Pour la conservation des œuvres, le musée est climatisé à 20°. La salle Julia sera inaccessible au public les 18/9 jusqu'à 13h, 21, 22 et 23/09, mercredi 14/10 et jeudi 15/10 jusqu'à 13h. Merci pour votre compréhension.
Focus : De poudre et d’or : pastels de nos collections
Informations sur l’exposition
Exposition passée
Du vendredi 27 septembre 2024 au dimanche 05 janvier 2025
Fragile et sensible aux effets de la lumière, souvent à l’abri des regards, le pastel sort ici de l’ombre. D’abord utilisé pour la réalisation des esquisses ou rehausser des dessins, le pastel, avec sa rapidité d’exécution, transcription immédiate d’une émotion ou d’une lumière fugace, a su séduire les artistes. Effacement, recommencement, superposition… ils ont su jouer de la grande diversité de cette technique et de ses mille possibilités pour saisir la fraîcheur de la peau, le frémissement d’une moustache, l’éclat d’une bottine vernie ou les mystères de la vie. Issue des collections du musée, la sélection fait résonner des œuvres de plusieurs courants artistiques des XIXe et XXe siècles. Les Nabis côtoient les peintres de Concarneau, Paul Gauguin est entouré de Maxime Maufra, Henri Delavallée ou Frederik Gad Clement et plusieurs œuvres de Claude-Emile Schuffenecker, dont le pastel demeure une des techniques de prédilection, complètent l’exposition. Treize artistes pour vingt-six œuvres et autant de bâtons de couleurs écrasés, de lignes hachurées et de contours floutés. Treize artistes, tous animés par le même désir de saisir le monde qui les entoure tel qu’il est ou tel qu’ils le voient.

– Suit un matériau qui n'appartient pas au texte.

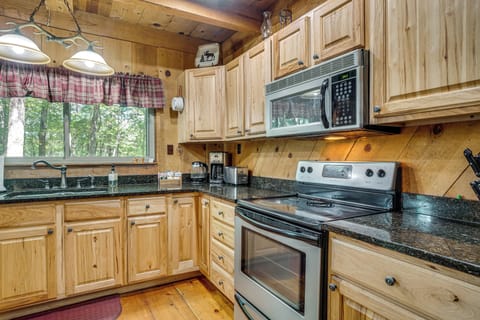 Kitchen | Blender | Coffee Maker | Toaster | Spices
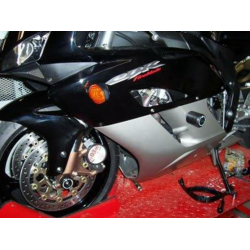Комплект краш тапи и протектори за двигател R&G RACING Protection-Kit Street Stage 2 Honda CBR 1000RR Fireblade 06-07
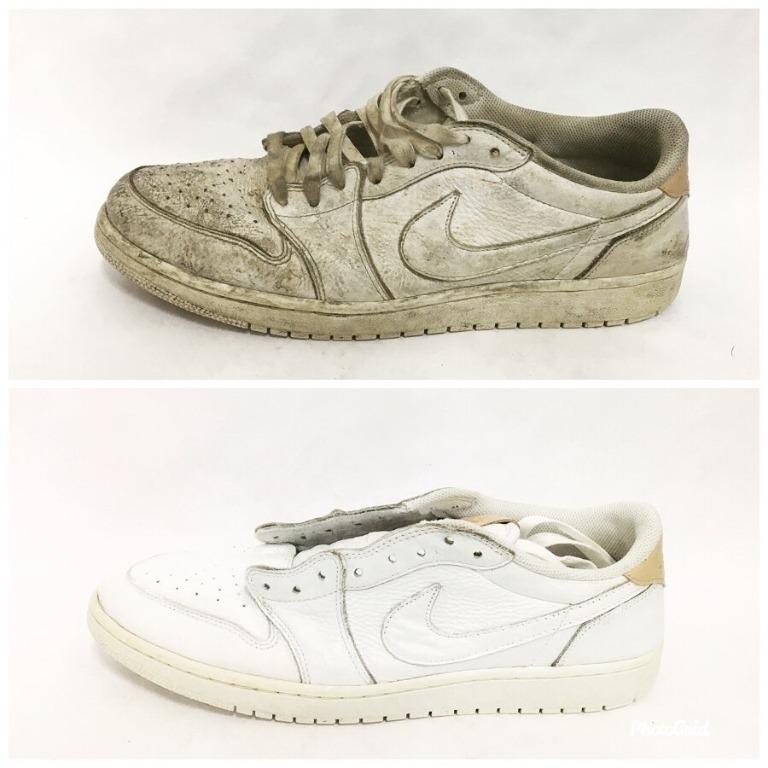 af1 cleaning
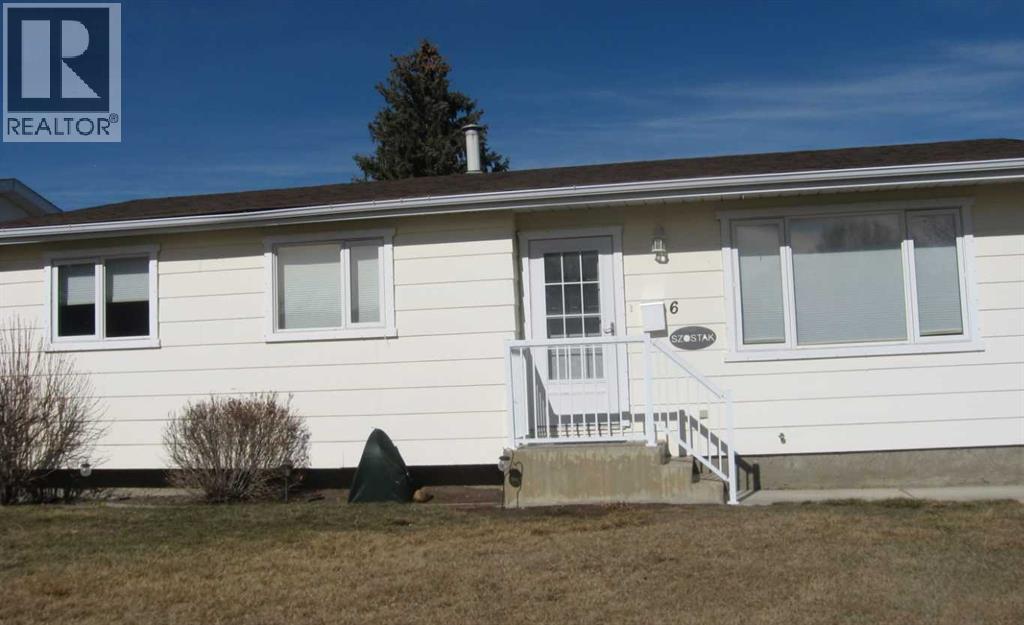 6 westrose Avenue W, Claresholm, Alberta
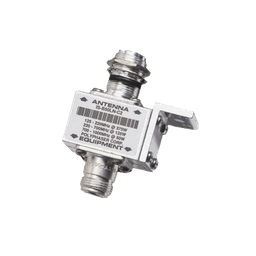 [IS-B50LN-C2] Protector Coaxial RF / 125-1000 MHz / 50 Ω / Conectores N Hembra / Bloqueo DC / 40 kA | IS-B50LN-C2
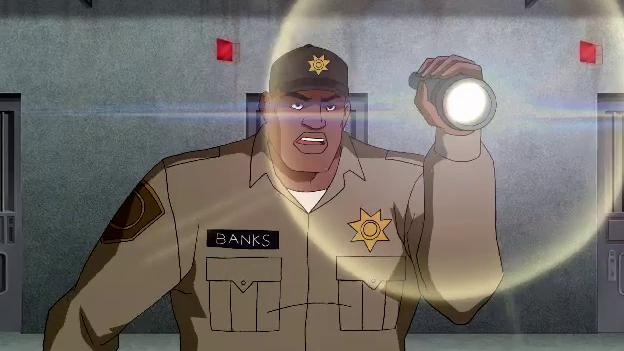 Young Justice: Freeze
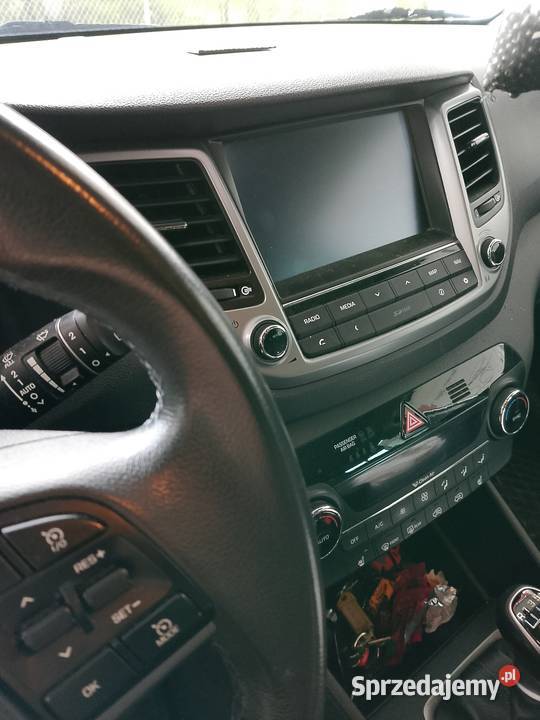 Sprzedam Hyundai Tucson Orzechowo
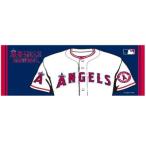 MLB полотенце для лица Los Angeles *enzerus*ob* дыра высокий mAngels[1 листов до почтовая доставка OK]
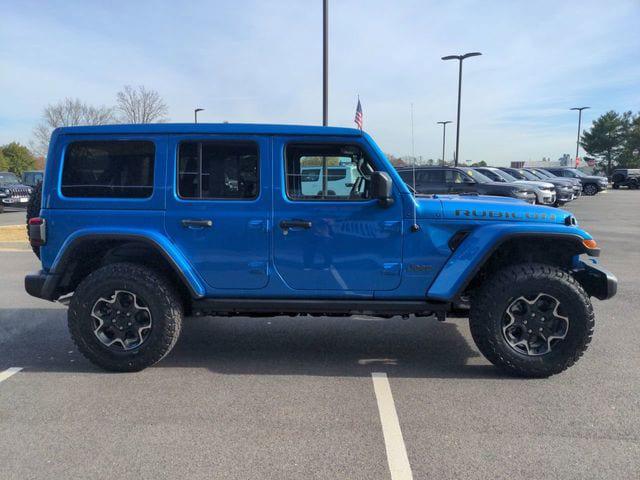 2023 Jeep Wrangler 4xe Rubicon 4x4 2023 Jeep Wrangler 4xe Rubicon 4x4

Graine de pastel : une aventure passionnante, de la plante à l’œuvre d’art
Le pastel des teinturiers, ou Isatis tinctoria en latin, est une plante crucifère, dont les feuilles contiennent un pigment coloré, le bleu pastel. Le pigment, extrait des feuilles séchées, est additionné d’une charge pour la texture (souvent du carbonate de calcium) et d’un liant qui assure la dureté du bâton. Puis un procédé artisanal permet de réaliser une pâte colorée qui est ensuite façonnée en forme finale de bâtonnets, connus de tous, utilisés pour le dessin.
Avec leurs textures crayeuses et l’éclat des couleurs, les bâtons colorés doivent sans doute leur succès à leur capacité à capter l’instant présent. Le pastel s’y prête à merveille, matériau léger, peu encombrant, il ne nécessite ni préparation ni séchage. C’est également une alternative moins chère à la peinture à l’huile et plus maniable que l’aquarelle. Le pastel séduit, les artistes s’en emparent et le font évoluer. Conçu au départ comme un moyen d’étudier et préparer une œuvre, il devient peu à peu un art à part entière.
Comme l’écrit un critique en 1844, « le pastel a un grand avantage sur la peinture ; le crayon va vite comme l’inspiration ; telle pensée qui demandera à un peintre six mois de labeur sera rendue par le pastel en quelques heures ».